A fitness tracker can help keep your dog healthy and give early detection to prolong life.
Susan Sierota and Carrie Dolan both lost dogs and found out that early detection could have prolonged the lives of their pets. They believed that other pet owners shouldn’t have to go through preventable loss of a pet, and began to work on a tech solution. Their current project Waggit is running a highly successful Kickstarter campaign as ‘wearable health tech for man’s best friend.’
Waggit contains a piezoelectric flex sensor that measures heart rate, respiration and pulse. Two negative temperature coefficient (NTC) thermistors measure body temperature and ambient temperature. An LTE CAT M1 modem and GPS system measure boundaries, location, distance and speed, while the accelerometer and gyroscope read activity time and activity intensity. A speaker and vibromotor give vibration and audio cues for training the dog. The battery inside the collar is expected to last five days on a charge that takes a little more than an hour, but the campaign page says that time can be lengthened by using custom settings in the app.
The major features of Waggit’s collar and app are tracking the health, sleep, activity, nutrition and safety of your dog. The app establishes a baseline for your dog and then alerts you when the dog’s behavior deviates from the baseline. Three sizes and multiple colors are currently available.

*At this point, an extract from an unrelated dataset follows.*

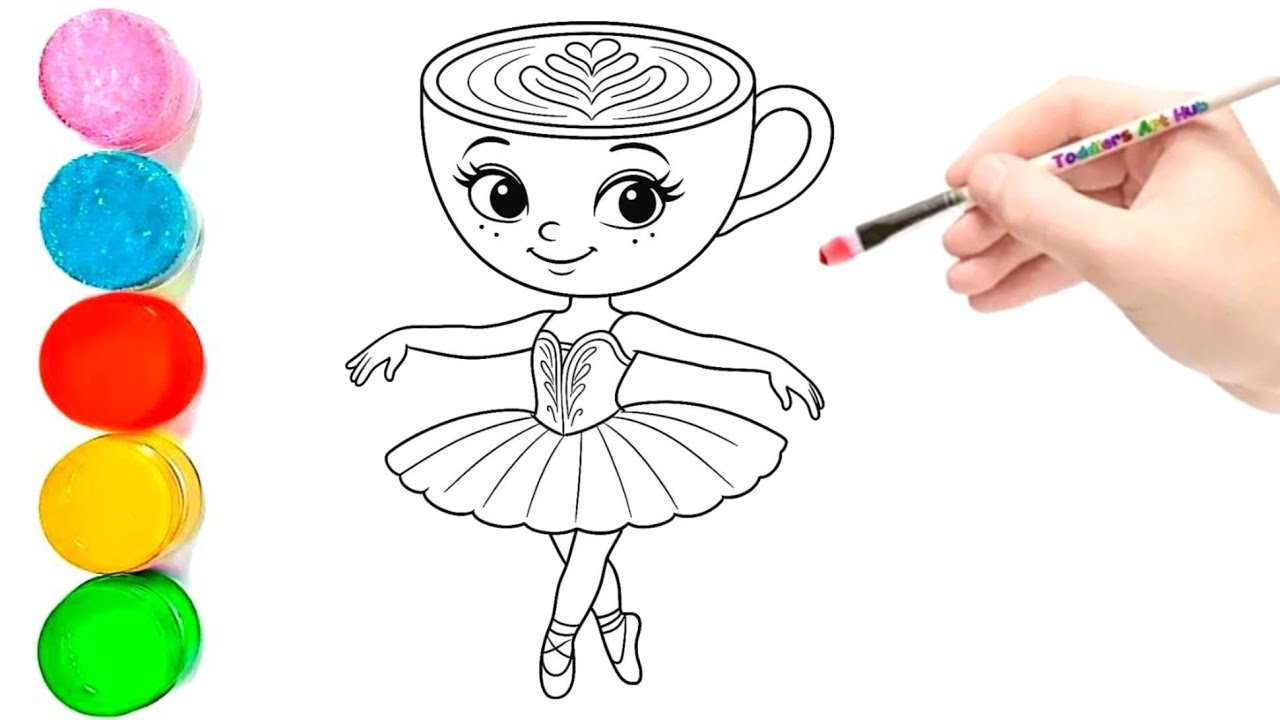 How to draw ballerina cappuccina drawing for kids and toddler drawing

Maybe the most striking thing about Waggit to me is how easily all of the things that I care about with my Fitbit translate directly to a dog’s health and wellbeing. The app is slick, with two years of development and hundreds of dogs used to test different breeds and types of fur. The best benefit that I see is the possibility to save on vet bills that easily boost into the thousands during a catastrophic canine health event. The only drawback is the GPS unit in the collar requires its own cellular account – six months are included during this Kickstarter campaign and after that the cost is $4.95 per month. This is a great campaign page full of bright visuals and showing the engineering development team with their dogs – the app even has a friend feature like a Fitbit that allows users to compete with other dogs. The campaign has blown by its initial funding goal and ends on December 1, 2017. Units are expected to ship in May 2018.